> _Task goal_: Below is a block of records; reproduce all of them exactly and leave out any pictures.

> _Source records_:
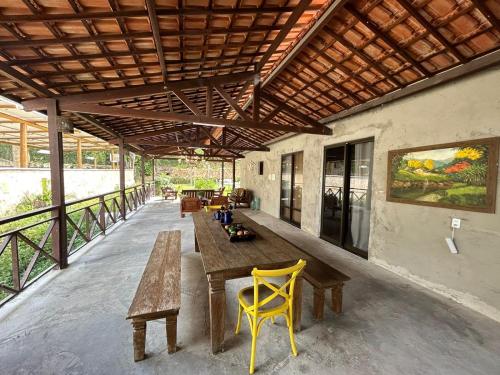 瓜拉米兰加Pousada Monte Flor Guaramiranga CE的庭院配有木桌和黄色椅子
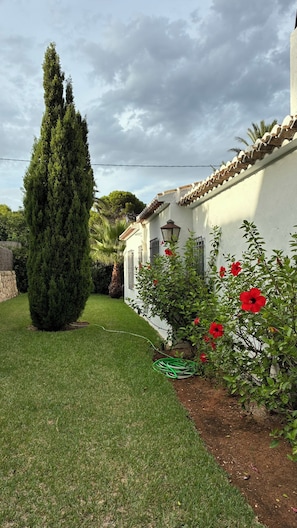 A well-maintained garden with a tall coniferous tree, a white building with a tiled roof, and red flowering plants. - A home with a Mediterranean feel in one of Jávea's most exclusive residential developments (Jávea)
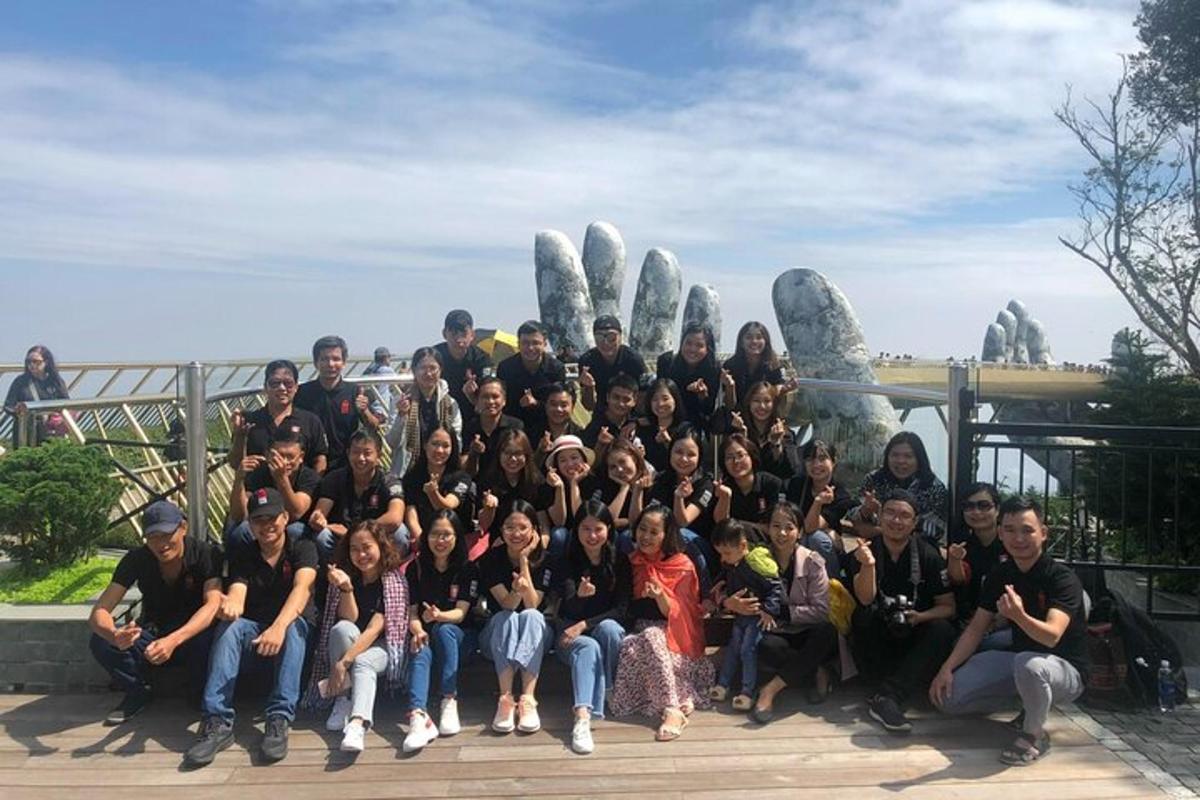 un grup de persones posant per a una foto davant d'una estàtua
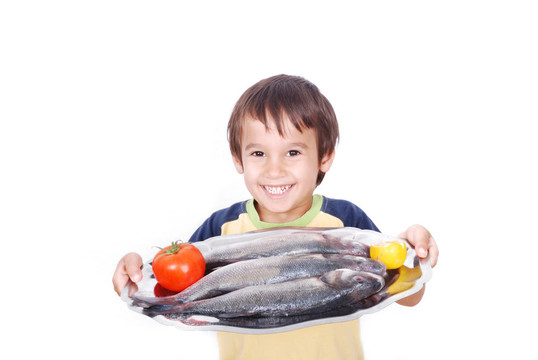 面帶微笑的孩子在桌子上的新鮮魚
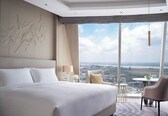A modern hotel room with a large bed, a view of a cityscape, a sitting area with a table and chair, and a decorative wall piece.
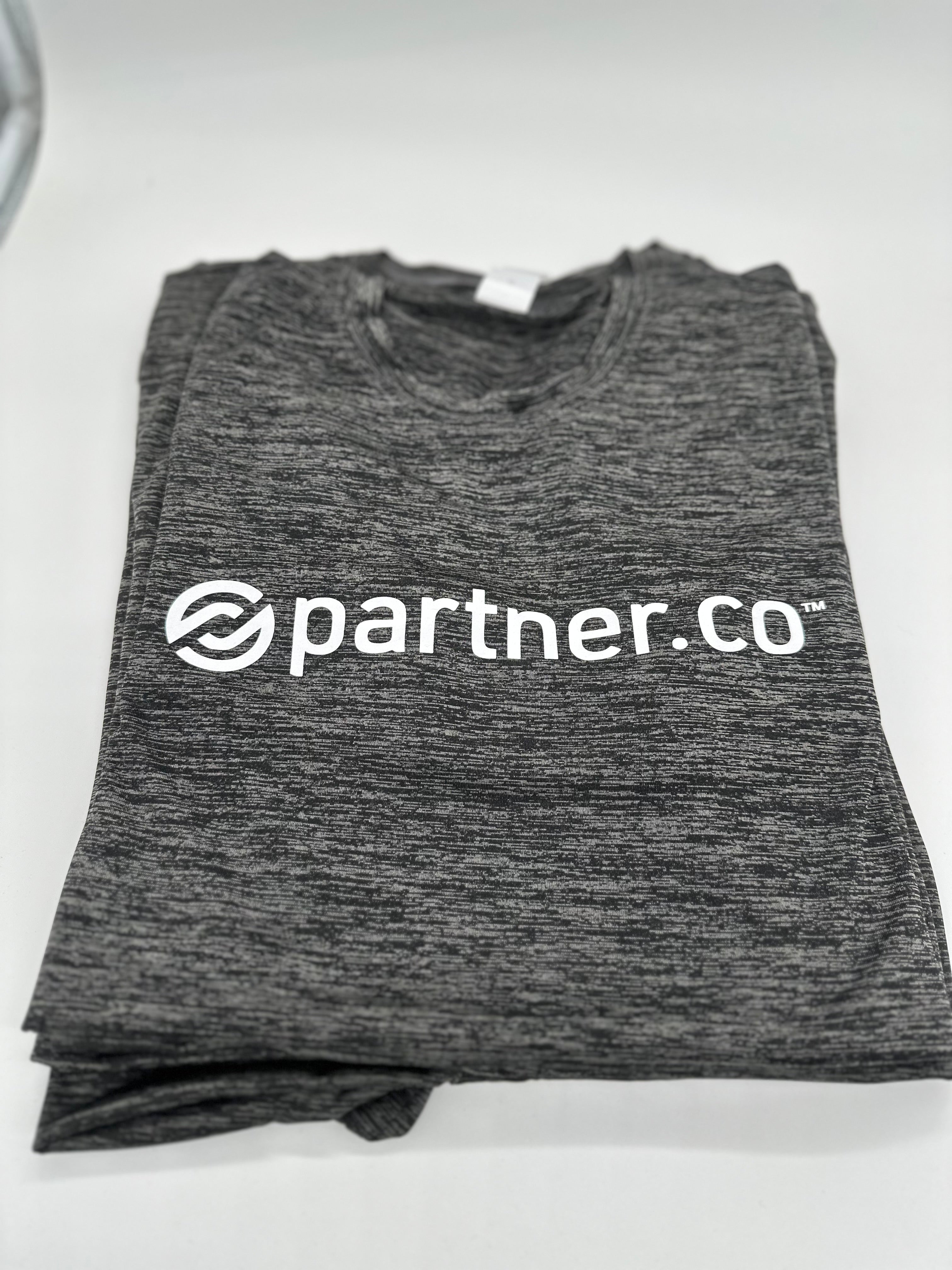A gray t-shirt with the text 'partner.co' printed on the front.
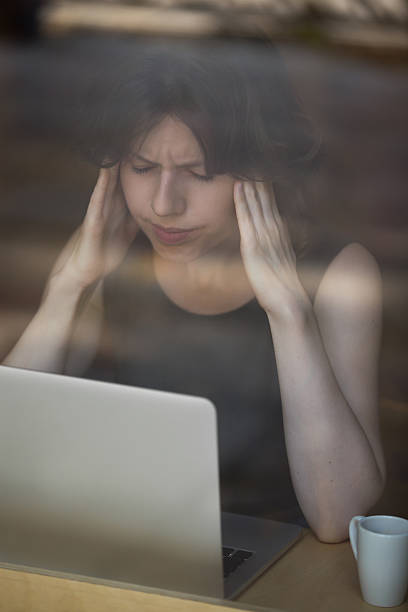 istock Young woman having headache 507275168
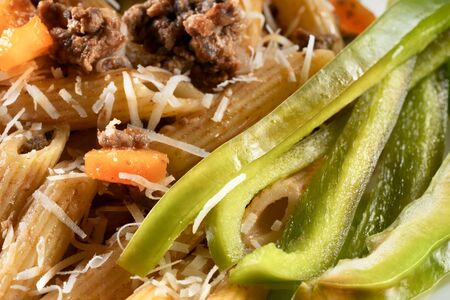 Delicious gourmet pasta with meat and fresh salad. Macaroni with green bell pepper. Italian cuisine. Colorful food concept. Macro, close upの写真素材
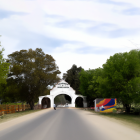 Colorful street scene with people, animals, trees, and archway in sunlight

> _Answer to this problem_:
 瓜拉米兰加Pousada Monte Flor Guaramiranga CE的庭院配有木桌和黄色椅子
 A well-maintained garden with a tall coniferous tree, a white building with a tiled roof, and red flowering plants. - A home with a Mediterranean feel in one of Jávea's most exclusive residential developments (Jávea)
 un grup de persones posant per a una foto davant d'una estàtua
 面帶微笑的孩子在桌子上的新鮮魚
A modern hotel room with a large bed, a view of a cityscape, a sitting area with a table and chair, and a decorative wall piece.
A gray t-shirt with the text 'partner.co' printed on the front.
 istock Young woman having headache 507275168
 Delicious gourmet pasta with meat and fresh salad. Macaroni with green bell pepper. Italian cuisine. Colorful food concept. Macro, close upの写真素材
 Colorful street scene with people, animals, trees, and archway in sunlight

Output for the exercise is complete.